O conglomerado anunciou o desenvolvimento de um novo compacto elétrico de baixo custo voltado ao mercado europeu. A fabricação dessa e-car começará em 2028 na planta de Pomigliano d’Arco, perto de Nápoles, no sul da Itália - unidade que hoje monta o Fiat Panda, um dos carros mais populares do Velho Continente.
“Nossos clientes pedem a volta de carros pequenos e elegantes, orgulhosamente fabricados na Europa, que sejam ao mesmo tempo acessíveis e respeitosos com o meio ambiente”, afirmou Antonio Filosa, CEO da Stellantis. Embora já esteja confirmado que o modelo será 100% elétrico, a marca sob a qual ele será vendido ainda é desconhecida, já que o grupo não informou qual de suas bandeiras vai liderar o projeto. O tema deve alimentar especulações nos próximos dias, especialmente com a aproximação da apresentação do novo plano estratégico do grupo, marcada para esta quinta-feira, 21 de maio.
A escolha do timing também não é casual. Em 2025, a Stellantis registrou um prejuízo líquido de 22,3 bilhões de euros, pressionado por uma transição para o elétrico mal dimensionada e por estoques administrados de forma ineficiente. Nos últimos meses, Antonio Filosa tem sido direto ao dizer que a prioridade é “corrigir as lacunas do passado”. E a e-car aparece como um dos primeiros sinais tangíveis dessa guinada.

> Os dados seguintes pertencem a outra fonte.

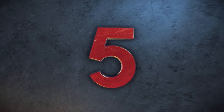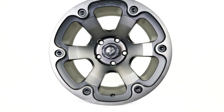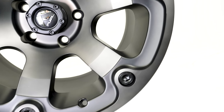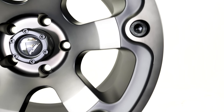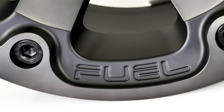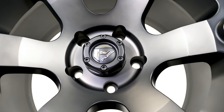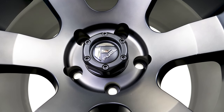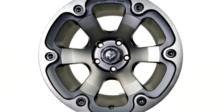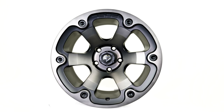Coming in at number five is the Fuel Beast. This black with machined spoked face and dark tint wheel is beautiful and a big hit. This six-spoke wheel is a 17 by 10 with a minus 18 offset, meaning that the diameter is 17 inches and it's 10 inches wide. With this wheel the lugs will be exposed and it has a 5 by 5 bolt pattern. Pricing comes in at $960 for a set of four, so this wheel is a great bang for your buck.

Uma regulamentação europeia favorável
Em dezembro passado, a Comissão Europeia criou uma nova categoria de veículos elétricos chamada M1e. Ela abrange carros pequenos a bateria com menos de 4,20 metros, produzidos em território europeu. As montadoras que aderem ao modelo contam com benefícios fiscais, estabilidade regulatória garantida por dez anos e um super bônus no cálculo de suas emissões de CO2.

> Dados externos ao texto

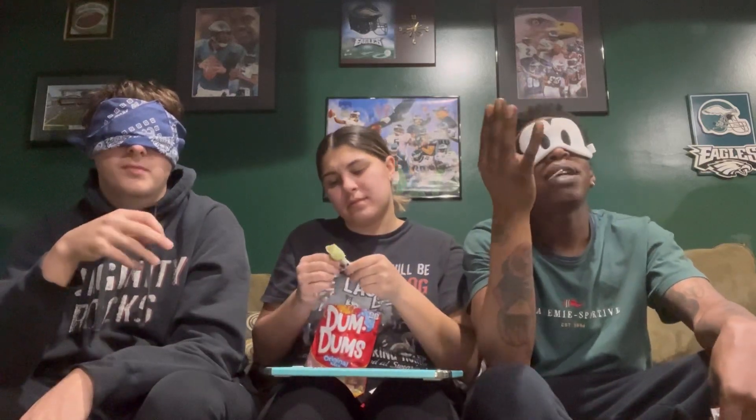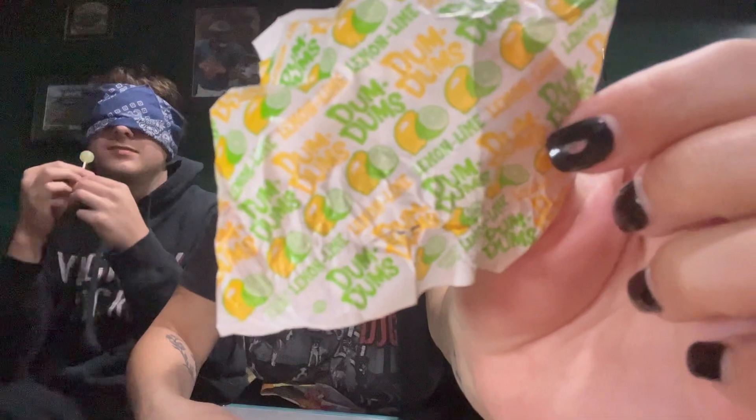Okay, Christopher — which flavor will I give you? At first it tasted like lime or lemon, but is this butterscotch? Nope. You should have stuck with your first answer — it was lemon lime. Oh my God.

Para a Stellantis, esse enquadramento vem como uma luva - afinal, a e-car atende exatamente a esses critérios. Isso permite ao grupo se recolocar como “bom aluno” diante de Bruxelas, ao mesmo tempo em que reforça o emprego industrial no sul da Itália.
Uma corrida já lançada
O segmento de elétricos pequenos e acessíveis já tem competidores posicionados, e a disputa tende a ser intensa. A Renault saiu na frente com o R5 e o Twingo, dois modelos que materializam a promessa de um elétrico europeu e mais barato. A Volkswagen seguiu o movimento com o ID.Polo, revelado no mês passado. Já a Dacia, marca de baixo custo do grupo Renault, apresentou um conceito chamado Hipster.
Do lado da Stellantis, a aposta deve ser no preço, com um veículo abaixo de 15 000 euros. Por enquanto, poucos detalhes adicionais foram divulgados.
Nossa análise
Ao tornar o projeto público dois dias antes de apresentar seu grande plano estratégico, a Stellantis passa uma mensagem clara: o grupo diz ter aprendido com os próprios erros e tenta retomar uma proposta simples - eletrificação para todos, não apenas para quem pode pagar.
Também é difícil separar o anúncio do pano de fundo financeiro da empresa. A Stellantis volta suas atenções para um nicho com boa tração, amparado pela regulamentação europeia, e que permite lançar produtos competitivos sem colocar suas margens como reféns da tecnologia.